(Image-caption web data)

========================================================================

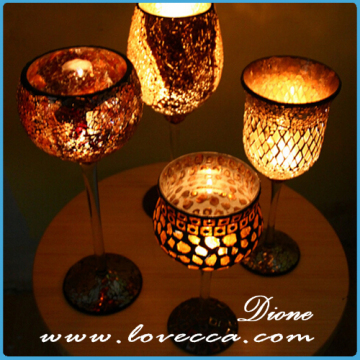 Handmade glass mosaic candle holder goblet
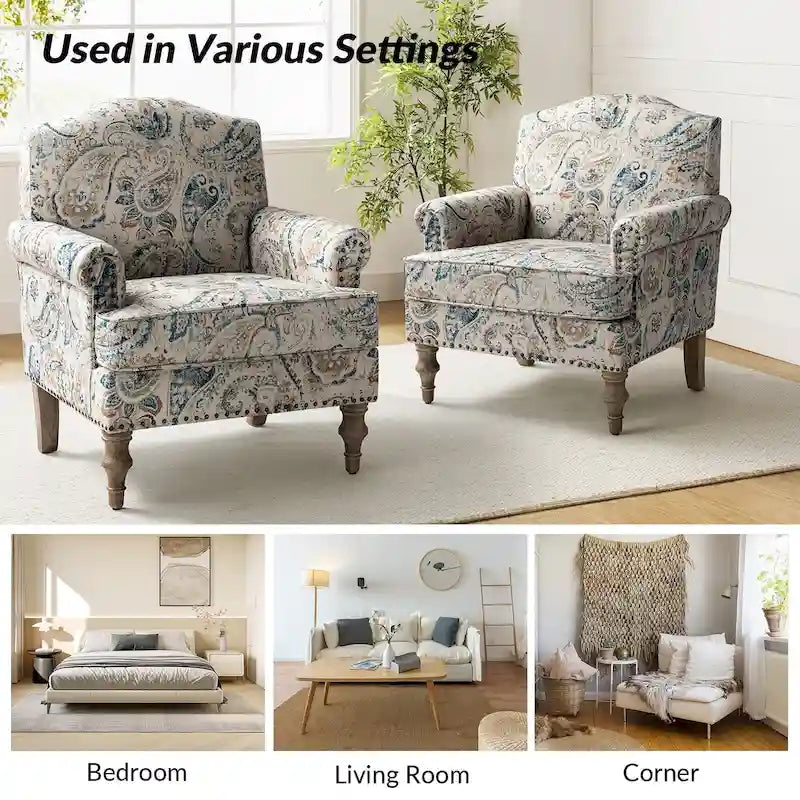 Farmhouse Linen Armchair with Solid Wood Legs – Wide Seat Accent Chair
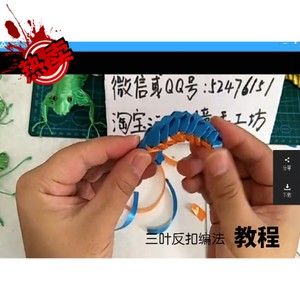 草编棕编彩带编织技术技巧 三叶反扣编法 昆虫动物视频高级教程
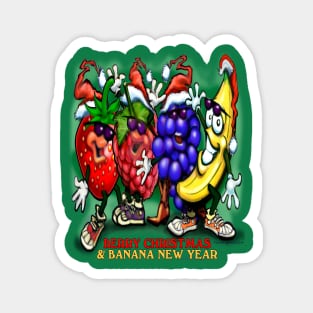 Berry Christmas & Banana New Year Magnet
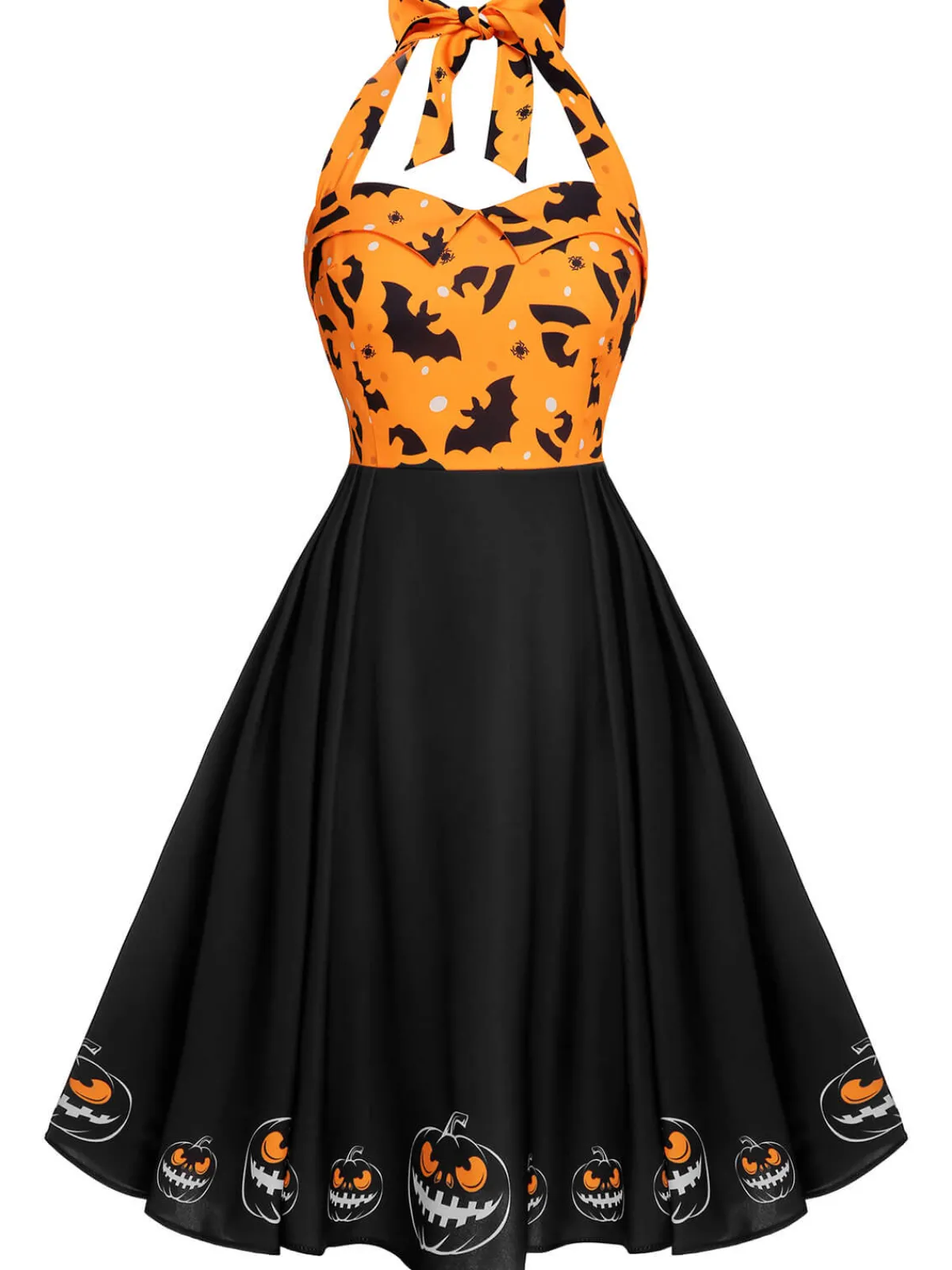 Clearance Retro Stage Black 1950s Halloween Pumpkin Bat Halter Dress Black & Orange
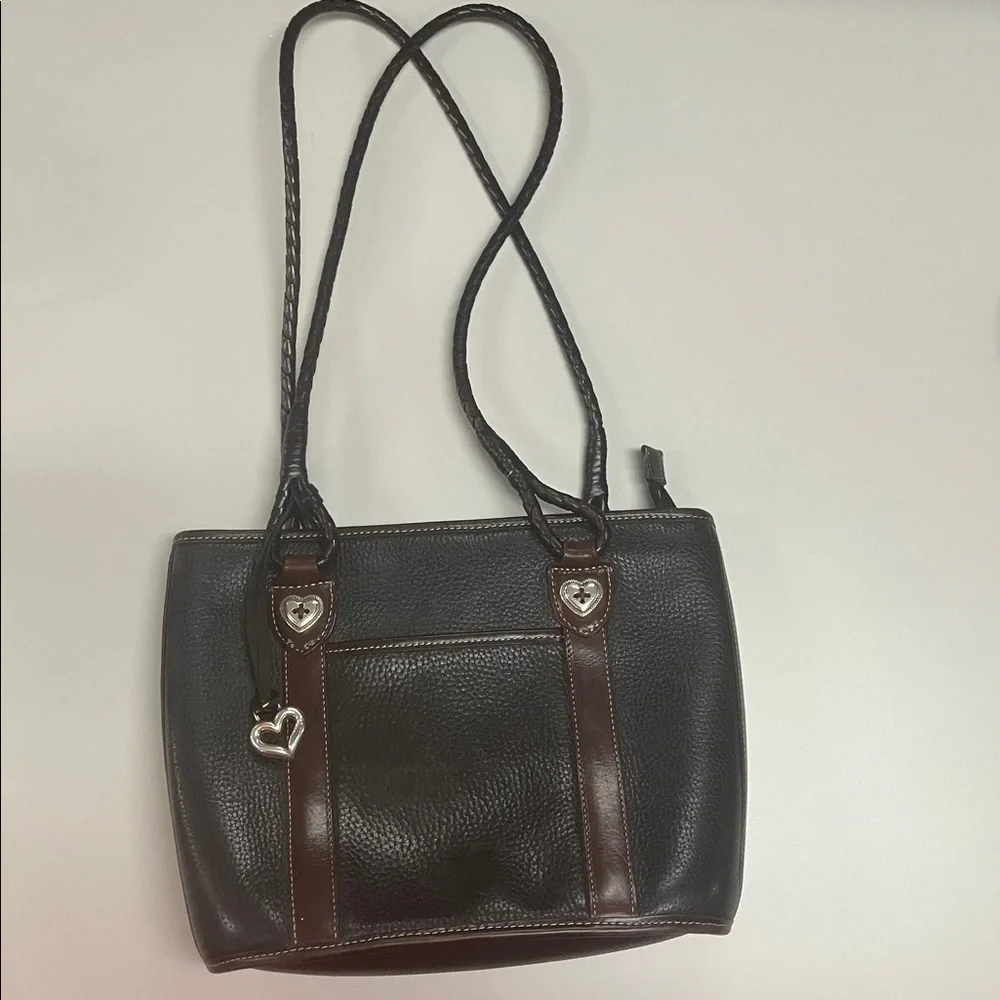 Brighton medium Black and Brown leather Tote Bag / preowned ink stains inside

========================================================================

Task goal: Once you find the line that contains "Berry Christmas & Banana New Year Magnet", give it again along with every later line through the end of the data, word for word, minus the pictures.

Reply to the exercise:
 Berry Christmas & Banana New Year Magnet
 Clearance Retro Stage Black 1950s Halloween Pumpkin Bat Halter Dress Black & Orange
 Brighton medium Black and Brown leather Tote Bag / preowned ink stains inside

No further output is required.